Three performances show what you can do with characters over half a decade.
Say what you will about Girls (and trust me, a LOT has been said by a LOT of dudes), but Lena Dunham and crew have crafted a final season as fresh and endearing as its first. And that’s not even as shady as it sounds. The first succeeded both because and in spite of its expectations and the sixth has followed suit, only now its stars are as good as they thought they were when the show started.
In a final season playing on our presumptions and familiarity, like all good shows with a consistent, if not loyal, fanbase, the actors and actresses starring in it have gotten really good at performing the inconsistent, weird, often hateable characters they’re written. The final episode especially allows its three recurring actresses (Lena Dunham, Allison Williams, and Becky Ann Baker) all their favorite and best ways to embody their characters. Let’s take a look at them, shall we? And please know that, going forward, all spoilers are game.
Marnie (Allison Williams)
The Get Out star has perfected her scary-perfect form of type-A severity in pronunciation, posture, and her dead-eyed stare. There’s no easy way to give off the impression that a character has a stick up their ass without making a face like you’re playing charades, yet Williams does it easily with a thin-lipped grimace. She’s pent up in every imaginable sense of the word (seen in the finale when she affects an odd British accent during some Facetime airline attendant/pilot role play with a mystery man) and can translate that from absurd friendship to horrifying sociopathic extreme.

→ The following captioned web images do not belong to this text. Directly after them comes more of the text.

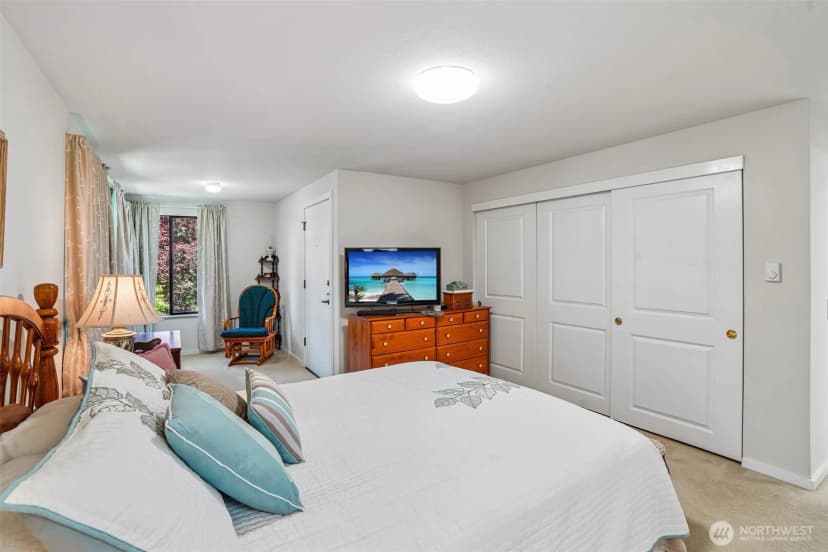 Property photo for 910 S 248th Street #4, Des Moines photo 16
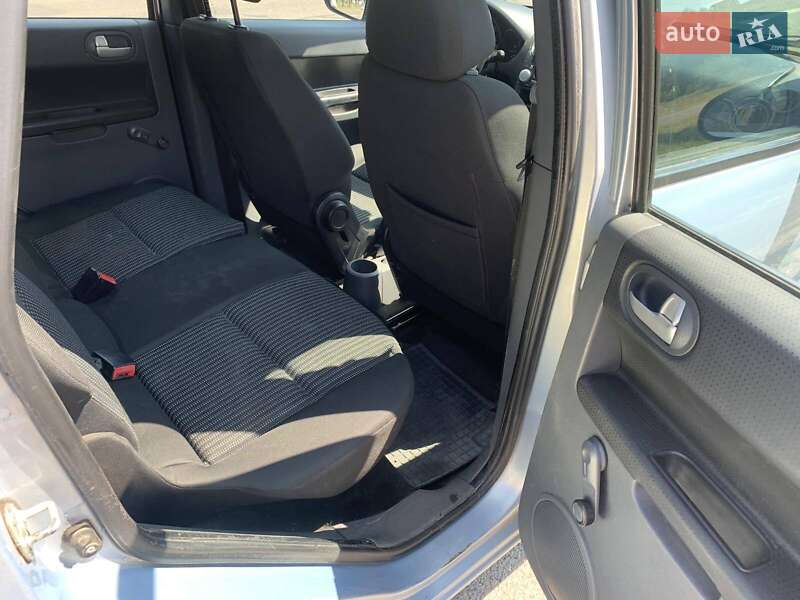 Хетчбек Mitsubishi Colt 2008 в Білогородці фото 9 Хетчбек Mitsubishi Colt 2008 в Білогородці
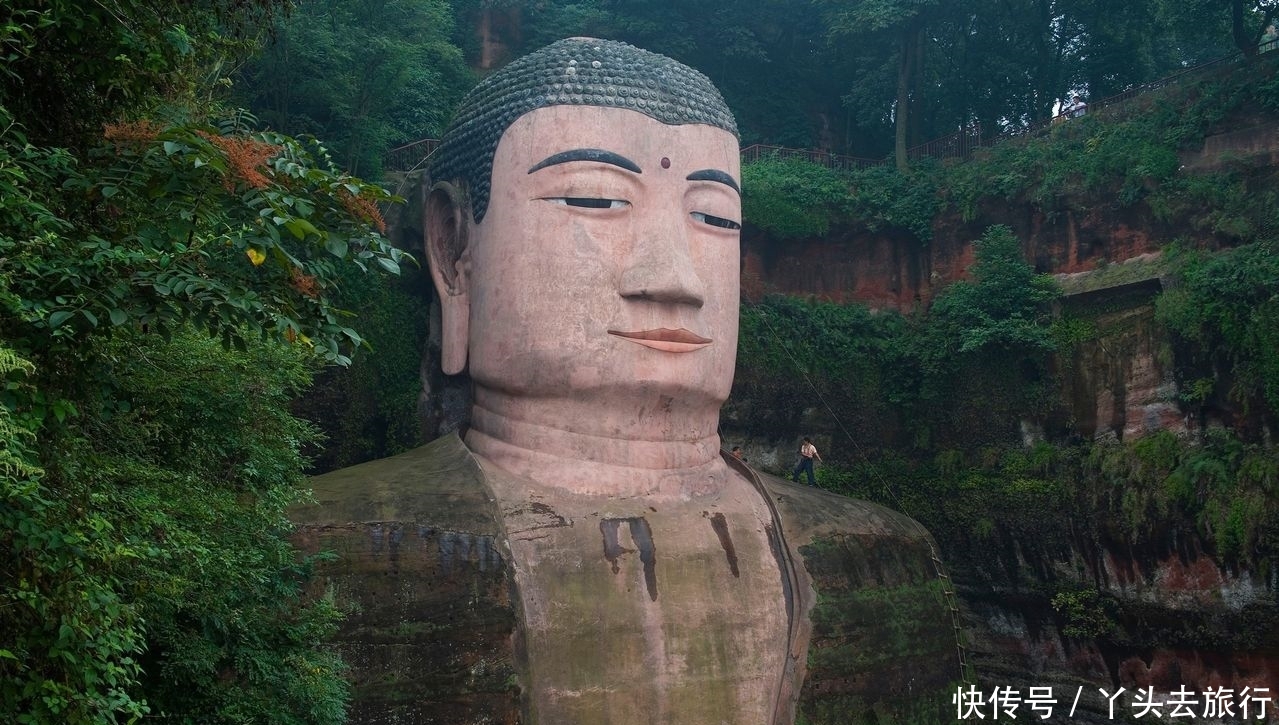 四川有个世界上最长的卧佛,长达170米,形成天为房,地是床景观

While she hasn’t had as much success with different character types, her range is still widening and hopefully she isn’t typecasting as evil, cold bitch for long — though, I think with her film debut Get Out’s smash success it’ll be inevitable.
Hannah (Lena Dunham)
When did Lena Dunham become such a good actress? Sure she disrobes at a moment’s notice and the flimsiest excuse, but when her character is allowed to dodge the hyper-sexual caricature whose shock value brought in initial viewers to the show, it allows her to show off the deep emotional connection she’s forged with the character over the years. When holding her newborn son, attempting to breastfeed him, all the narcissistic bitterness of an intolerable twenty-something writer alchemically transforms inside her and spills out in deluges of frustration.
Dunham’s body may have been the focus of many an episode, but her eyes work the magic. Her tears, hurt, and manic joy all come from her eye expressions. The final shot of the series, her baby finally relatching and breastfeeding again offscreen, allows a tenuous peace to spread across her face. Before this she excels at Apatow-style joke riffing, comic asides more in her mumblecore style, an absurdly frustrating discussion with a teenager, and a heartfelt screaming match with her mother. The range of emotions felt in Girls has been crammed into one episode and, even if we didn’t get a sex scene (to which Dunham always brings a lighthearted and unromanticized realism), she excels. But back to that mother-daughter screaming match…
Loreen (Becky Ann Baker)
If there is an unsung hero of Girls (aside from prime spin-off candidate Andrew Rannells who plays Elijah), it’s Hannah’s mom Loreen and the actress who plays her, Becky Ann Baker. You may know her from playing John Francis Daley’s mom on Freaks and Geeks, but Baker’s not a one-mom pony…er, actress. Over the course of Girls, Baker’s Loreen has been fighting against the coddling world holding up Hannah. Suppressing her criticism, her desire for tough love, stuffed her with potential energy ripe for bursting. As her marriage collapsed and she began life anew as, basically, a single mother, she began dabbling in the immaturity that so invitingly welcomed her fragmented and messy daughter.
This allowed Baker to intermingle a drug trip, a spa trip, and the ever-mounting lonesomeness of a late-life separation with her maternal counsel. The growing weight of her personal drama seeps into her body, her very breathing. She sighs heavier or masks her weariness when Hannah looks on. Her biggest moment is when all this quiet denial and substance-numbing finally rubs away, leaving her exposed nerves raw and throbbing. When she flies out to help Hannah with her newborn, she’s not expecting the same bratty Hannah looking to renege on her biological deal. The ensuing tracking shots follow Baker like she’s a protestor breaking down her subject with well-reasoned rhetoric and the decibels to back it up. Even if the circumstances in which she’s screaming at Hannah are suspect or dramatically uneven, Baker unearths a rage made no less fiery by the unconditional love underpinning her voice.
In this, her performance is indicative of the series: even if they’re made to say frustrating, asinine things, the actors of Girls bring the kind of ever-evolving skill you’d expect from artists honing characters over more than half a decade.